On the red-hot Islam beat: (1) Helpful, if recycled, info, (2) far-fetched 2016 scenarios

The Council on American-Islamic Relations reports that 2015 has produced at least 63 incidents of vandalism and harassment against U.S. Muslims, the most since it started counting in 2009 and three times the 2014 total -- a spot story to pursue.

The biggest spike of such crimes occurred in November, likely a reaction to “Islamists” downing a Russian plane in Egypt October 31 followed by atrocities in Lebanon, Nigeria and Paris that together slaughtered  429 innocent victims and injured hundreds more. Next came the San Bernardino attack that murdered 14 partygoers and injured 22, then the December 15 announcement of an anti-terror military alliance among 34 Muslim nations.

CAIR provides new news. But recycled information can be manna on the red-hot Islam beat as newswriters prepare explainers.

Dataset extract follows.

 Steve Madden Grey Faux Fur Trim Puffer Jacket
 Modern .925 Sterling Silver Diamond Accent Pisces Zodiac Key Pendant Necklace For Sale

The ever-reliable Pew Research Center has assembled prior data for a valuable online report, “Muslims and Islam: Key findings in the U.S. and around the world.” Thank you Pew. 

We learn – or are reminded -- that Pew surveys show 86 percent of U.S. Muslims think violence against innocent civilians is rarely or never justified, compared with 7 percent who think it’s sometimes justified, and 1 percent saying it is often justified. 

That’s somewhat reassuring, though the “sometimes” number is worrisome and, by Pew’s estimate of 1.8 million U.S. Muslim adults, 1 percent saying “often” equals 18,000 radicals. Notably, 48 percent of U.S. Muslims think their religious leaders haven’t done enough to oppose Islamic extremists.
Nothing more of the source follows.